# Work instruction
Without any pictures, reproduce exactly the lines running from the line containing "Zen like the" through the end of the entries.

----- Supplied entries

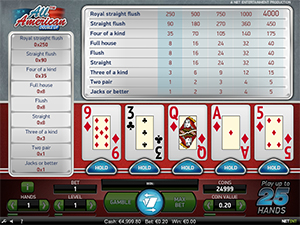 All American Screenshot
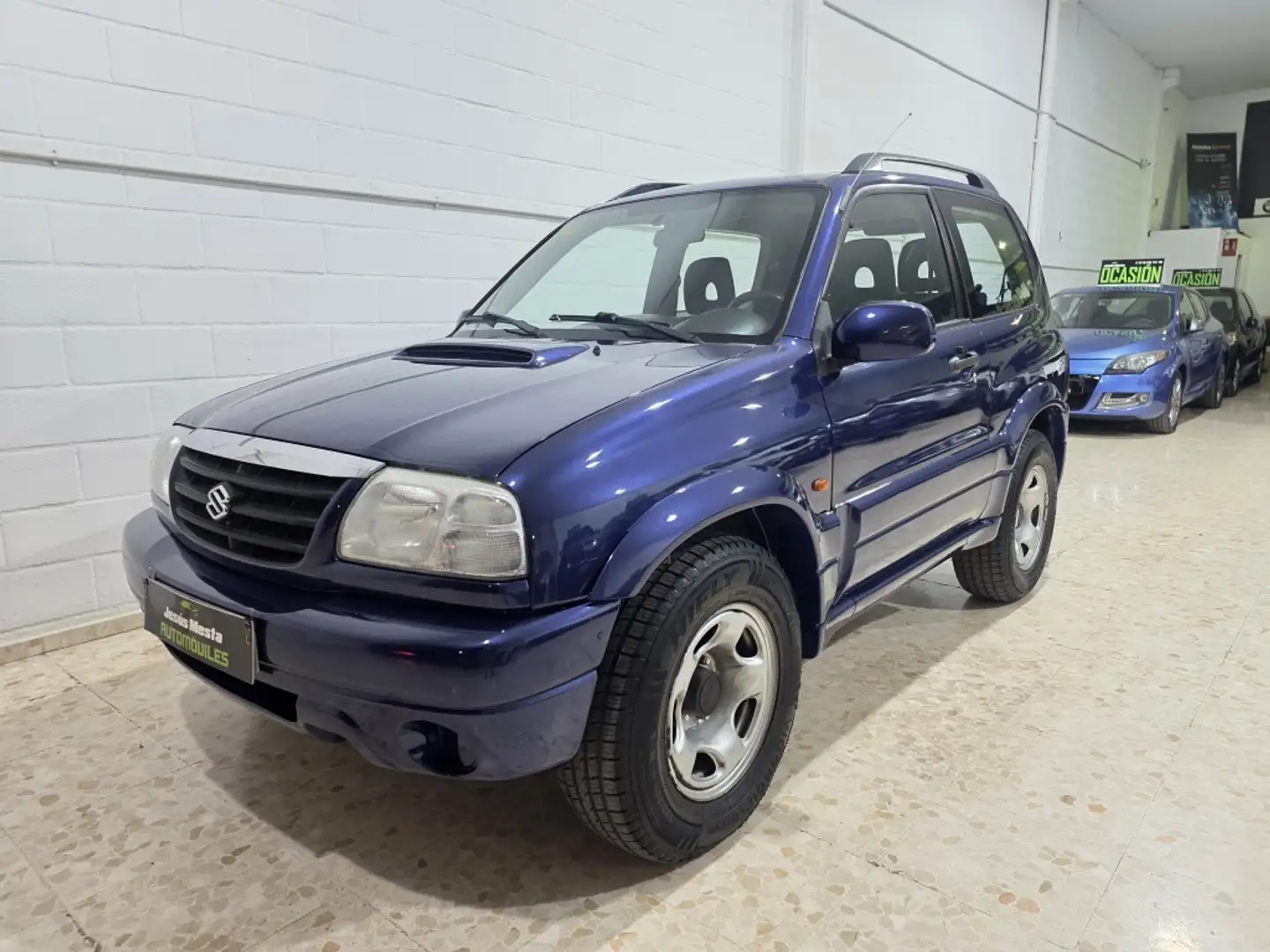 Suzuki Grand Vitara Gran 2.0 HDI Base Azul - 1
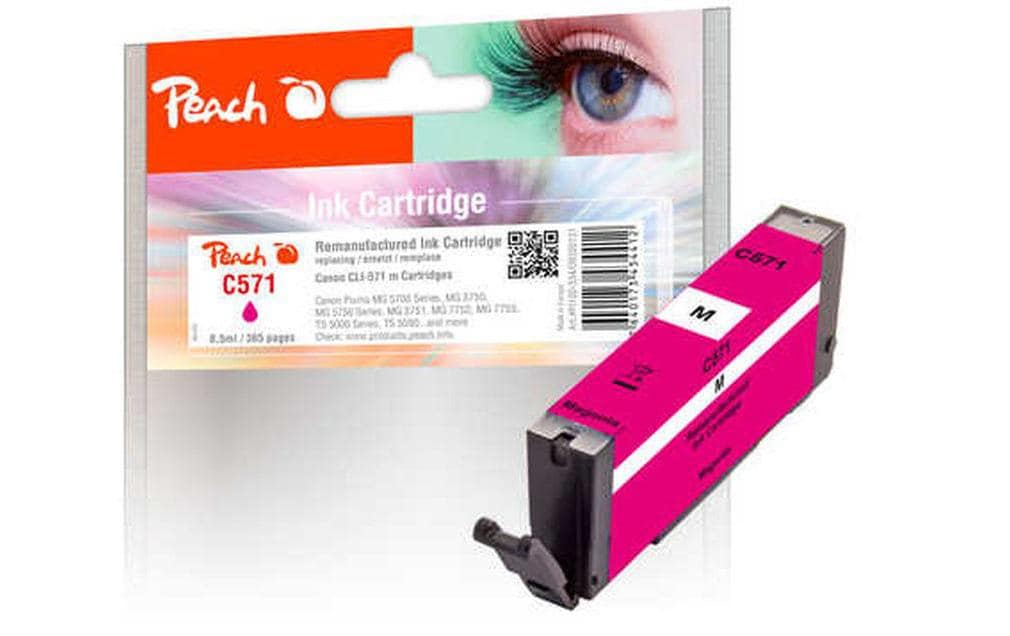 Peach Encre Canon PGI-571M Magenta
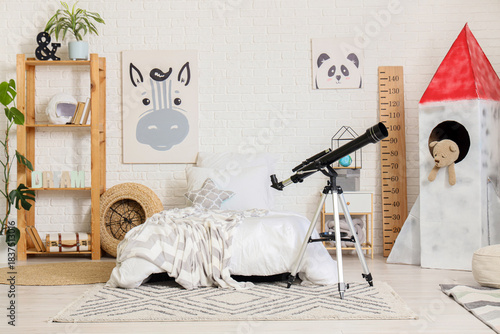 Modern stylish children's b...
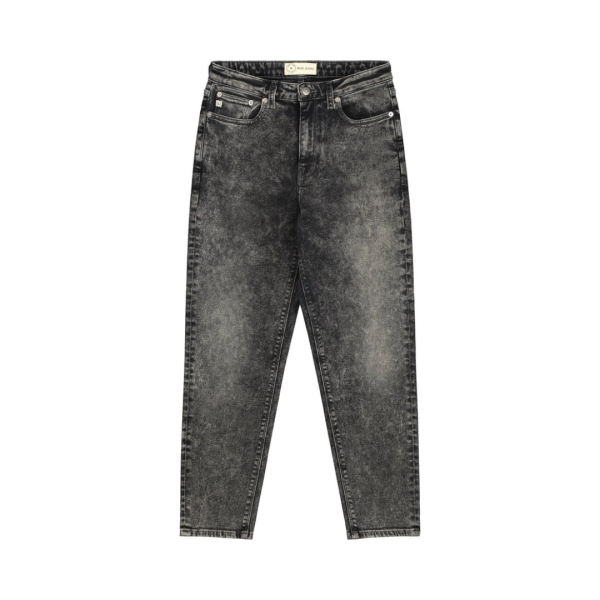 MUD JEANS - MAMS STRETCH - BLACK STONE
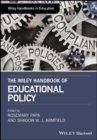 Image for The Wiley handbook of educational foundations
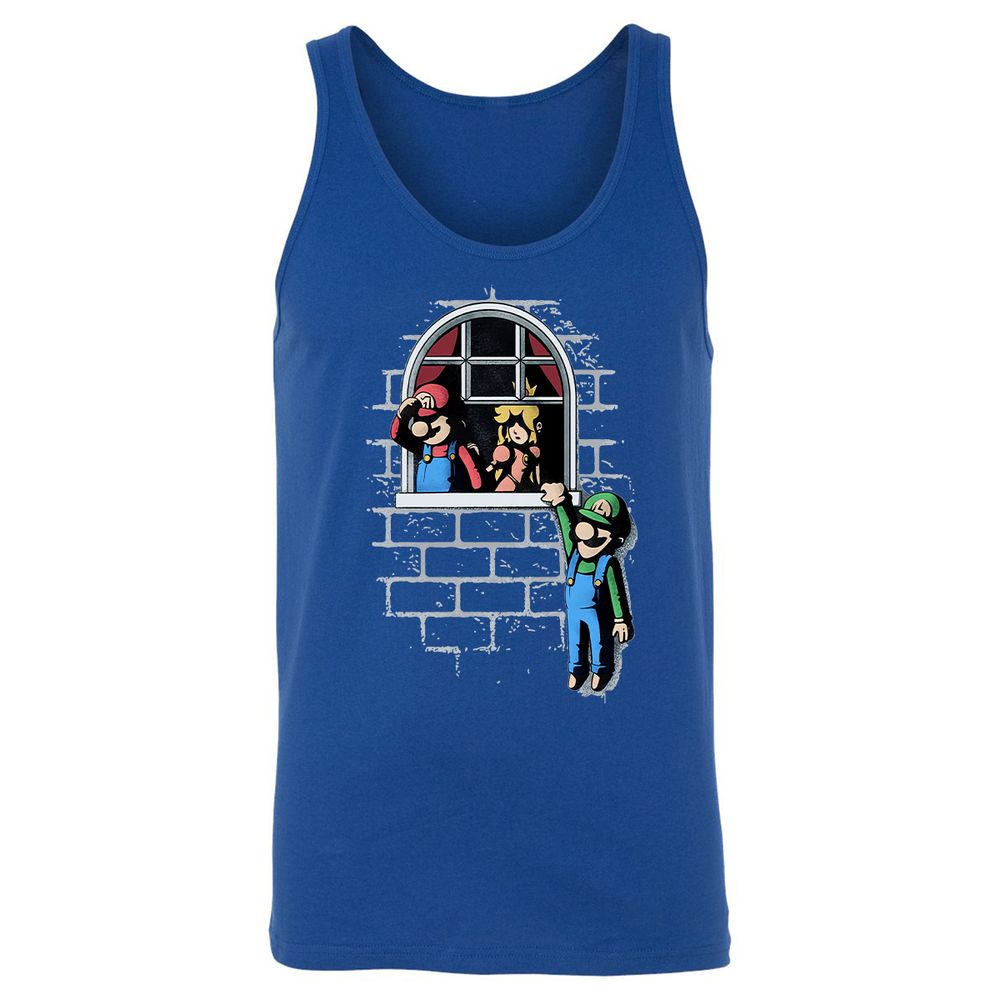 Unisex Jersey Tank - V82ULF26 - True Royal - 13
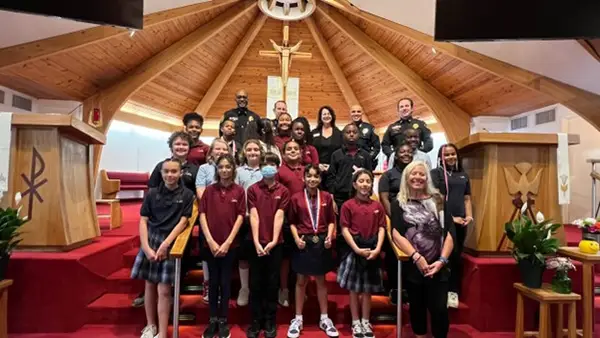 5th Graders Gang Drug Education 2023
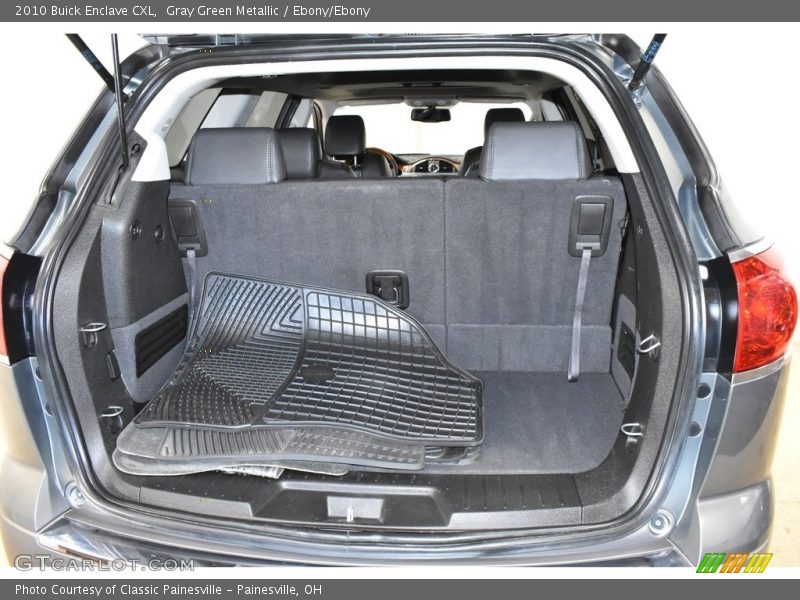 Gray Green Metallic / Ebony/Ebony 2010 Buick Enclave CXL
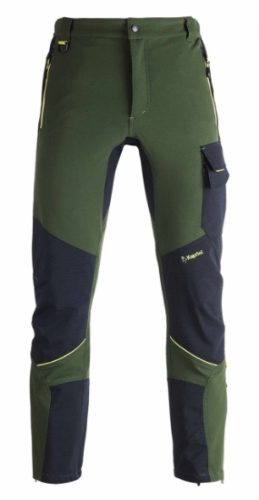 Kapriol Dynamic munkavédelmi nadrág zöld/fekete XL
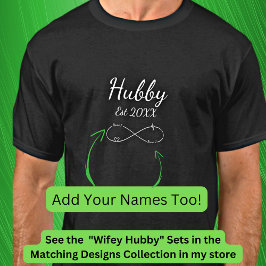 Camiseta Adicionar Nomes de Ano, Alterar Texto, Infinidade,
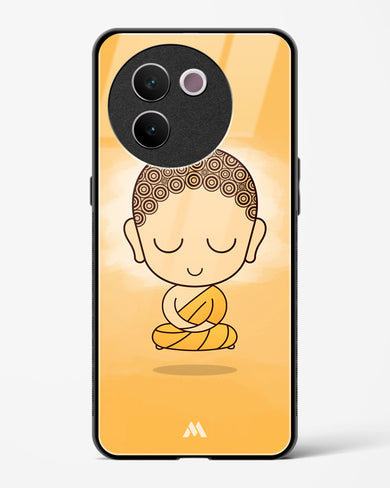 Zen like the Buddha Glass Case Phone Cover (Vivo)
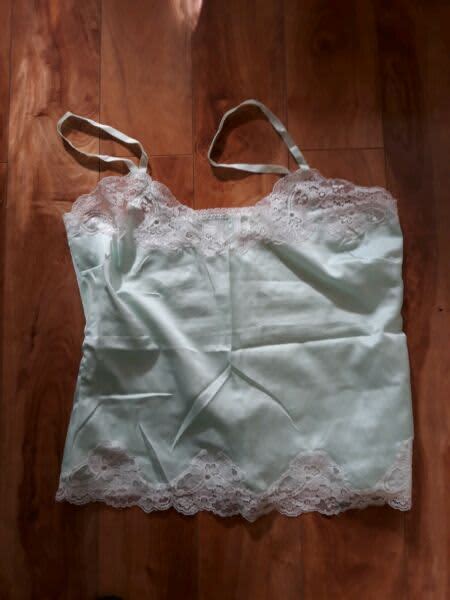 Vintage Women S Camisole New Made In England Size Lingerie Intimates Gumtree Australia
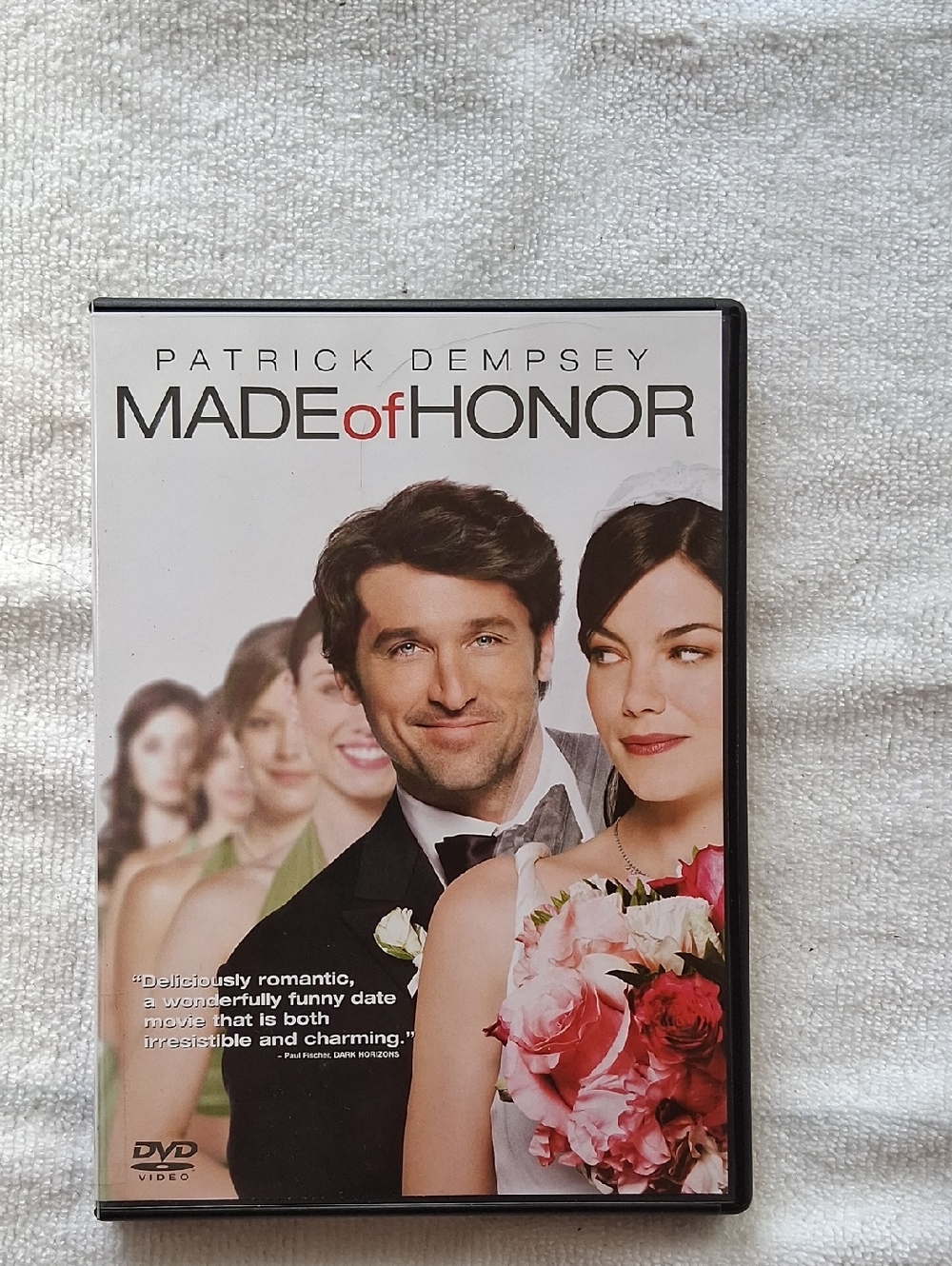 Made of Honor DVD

----------

# Solution to this task
 Zen like the Buddha Glass Case Phone Cover (Vivo)
 Vintage Women S Camisole New Made In England Size Lingerie Intimates Gumtree Australia
 Made of Honor DVD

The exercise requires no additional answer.